Patients will receive atezolizumab every 3 weeks, at fixed dose of 1,200 mg in 60-min intravenous (IV) infusion before UCPVax injection, until disease progression or unacceptable toxicity or maximum of 2 years. If atezolizumab is well tolerated at the first cycle, atezolizumab perfusion can be reduced to 30 min in the following cycles. No dose adjustment is required. No premedication treatment is required before infusion of atezolizumab.

2.4.2 UCPVax

UCPVax is a telomerase-derived cancer vaccine developed by our academic research network at Besançon (Pr Adotevi, UMR1098 INSERM/EFS/UFC) and patented (n° EP: 12305319 and n° US: 61/621.075) by a consortium including the Regional University Hospital of Besançon and the University of Bourgogne Franche-Comté.
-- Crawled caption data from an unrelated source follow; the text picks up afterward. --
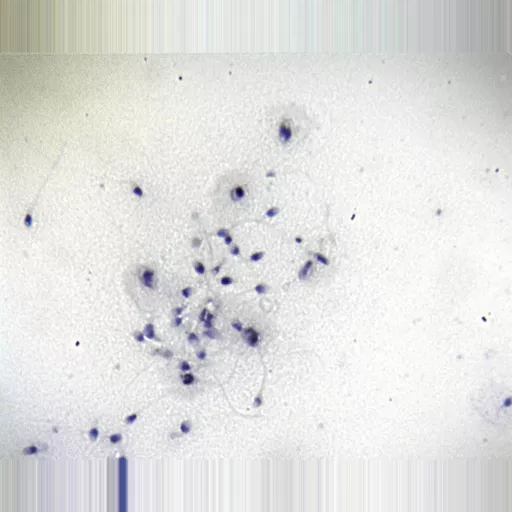 Philip Harris Prepared Microscope Slide - Human Spermatozoa Smear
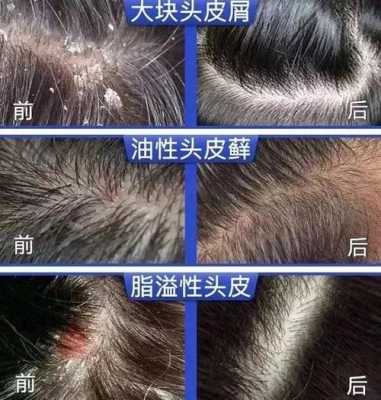 头发头皮屑多的原因,头皮屑好多是什么原因?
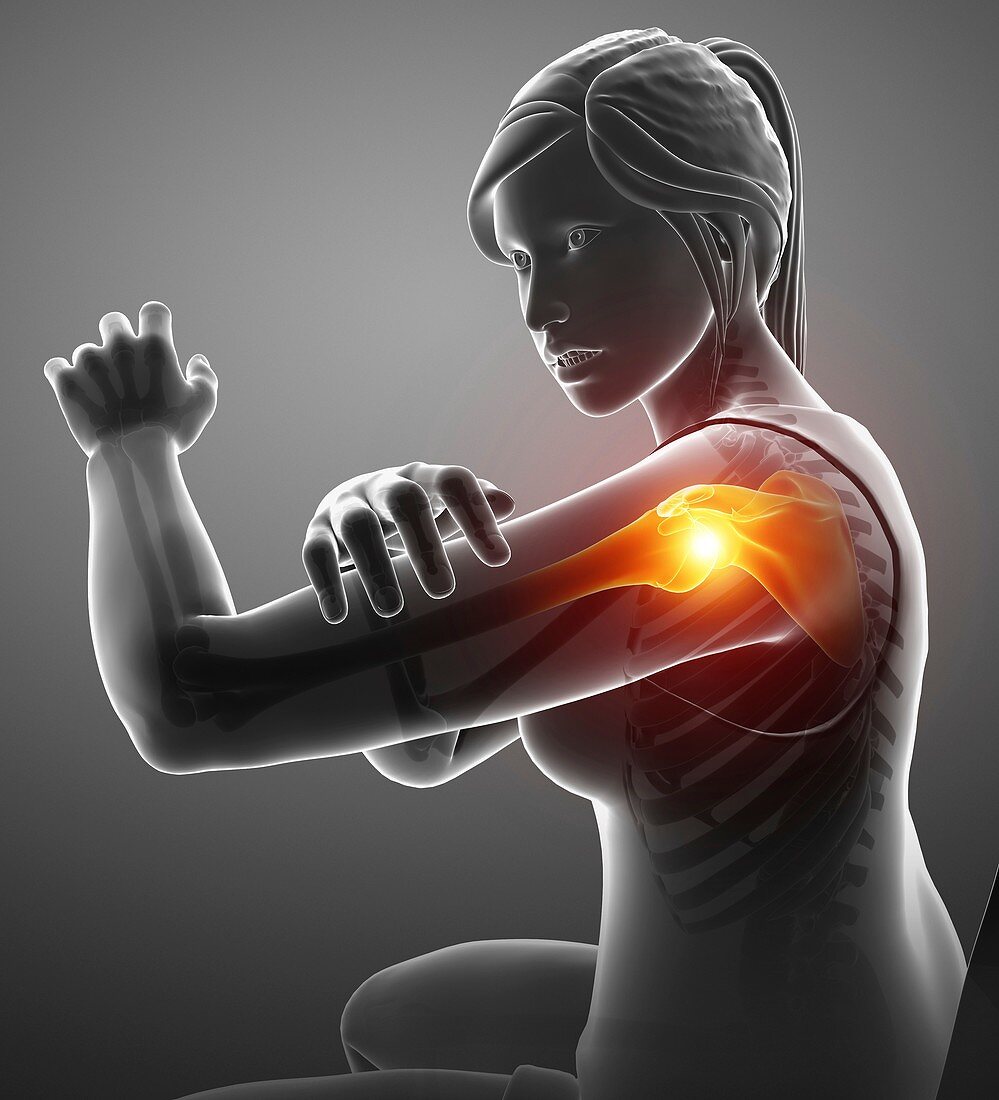 Woman with a painful shoulder, illustration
The Good Manufacturing Practice (GMP) drug substance of UCPVax was produced by PolyPeptide biotech (Strasbourg, France). Clinical grade peptide production and formulation will be performed according to GMP preparation and compliance by the Pharmacy Department of the University Hospital of Besançon like in the previous trial in lung cancer (Clinical Trial NCT02818426).
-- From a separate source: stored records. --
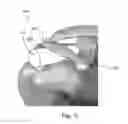 Fig. 03 - Shoulder implant for simulating a bursa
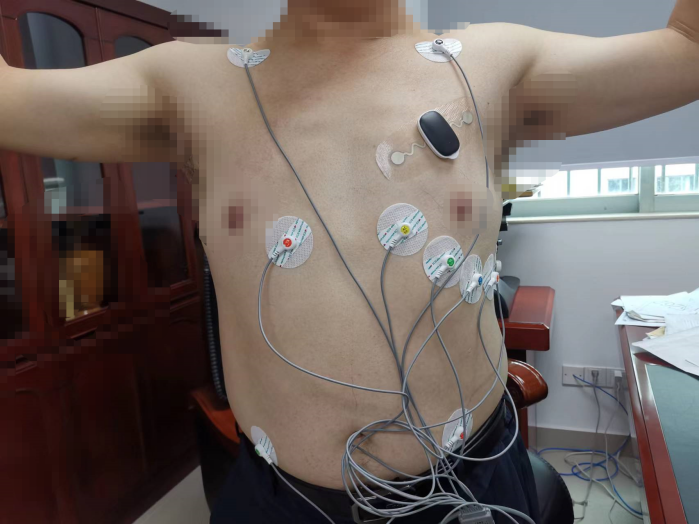 心电图12导怎么组成心研单导ECG与12导Holter对比分析_https://www.jmylbn.com_新闻资讯_第3张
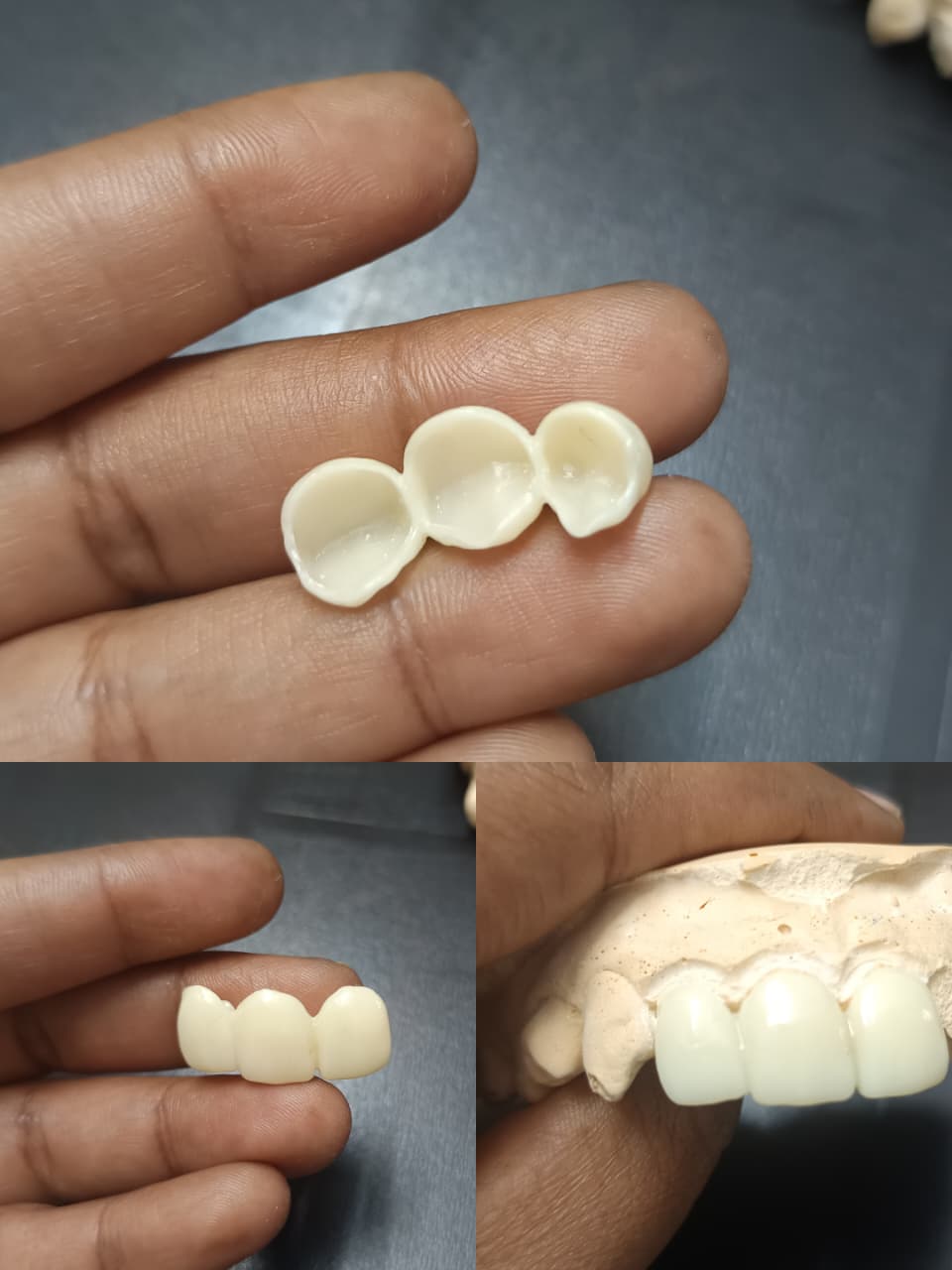 Dental implants at Nithya Dental Clinic Virugambakkam Chennai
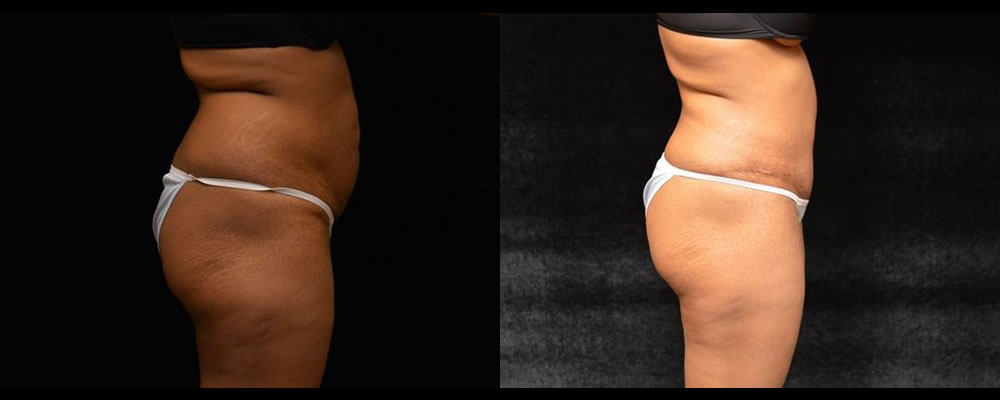 Tummy Tuck Before & After Patient #471
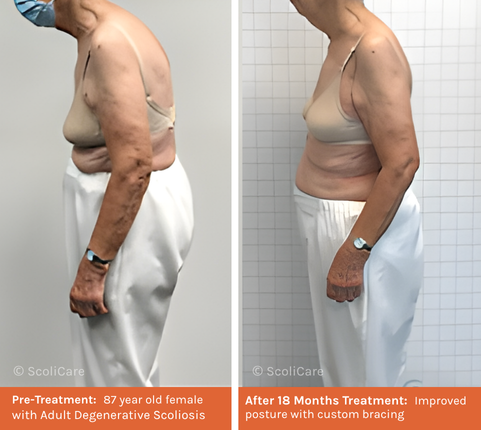 Adult (1) Adult Scoliosis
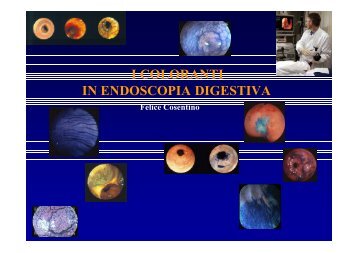 I coloranti in Endoscopia digestiva - EndoscopiaDigestiva.it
The two UCPVax peptides, UCP2 and UCP4 at 1 mg/ml (combined with Montanide ISA51 as adjuvant), will be injected subcutaneously in two separate sites (one site per peptide) ( ) at days 1, 8, 15, 29, 36, and 43 (priming phase) following by boost vaccinations: every 6 weeks for the two first boosts (W13 and W19) and every 9 weeks afterward (W28, W37, and W46).

Figure 1

Injection sites of each peptide. The two UCPVax peptides, UCP2 and UCP4 at 1 mg/ml (combined with Montanide ISA51 as adjuvant), will be injected subcutaneously in two separate sites (one site per peptide) at days 1, 8, 15, 29, 36, and 43 (priming phase) following by boost vaccinations: every 6 weeks for the two first boosts (W13 and W19) and every 9 weeks afterward (W28, W37, and W46).

2.5 Study Description

2.5.1 Therapeutic Sequence

Initial assessments will be performed at baseline, within 28 days prior to the first administration of the combination atezolizumab and UCPVax. Treatment will include three phases ( ):

Figure 2

Therapeutic sequences. Part 1 Induction phase: Atezolizumab (1,200 mg IV) will be administrated every 3 weeks starting at day 1. UCPVax will be injected subcutaneously at weeks 1, 2, 3, 5, 6, and 7. The two peptides included (UCP2 and UCP4) in UCPVax will be injected subcutaneously in separate sites (one site per peptide) after emulsion in the adjuvant (Montanide ISA-51 VG). Part 2: Boost phase of UCPVax+. Atezolizumab: Atezolizumab will be administered at the standard dose of 1,200 mg IV every 3 weeks. UCPVax boosts vaccine will be performed every 6 weeks for the two first boosts (W13 and W19) and then every 9 weeks thereafter (W28, W37, and W46). Part 3: Atezolizumab in monotherapy will be administrated every 3 weeks until disease progression or unacceptable toxicities for a maximum of 1 year since the last vaccine.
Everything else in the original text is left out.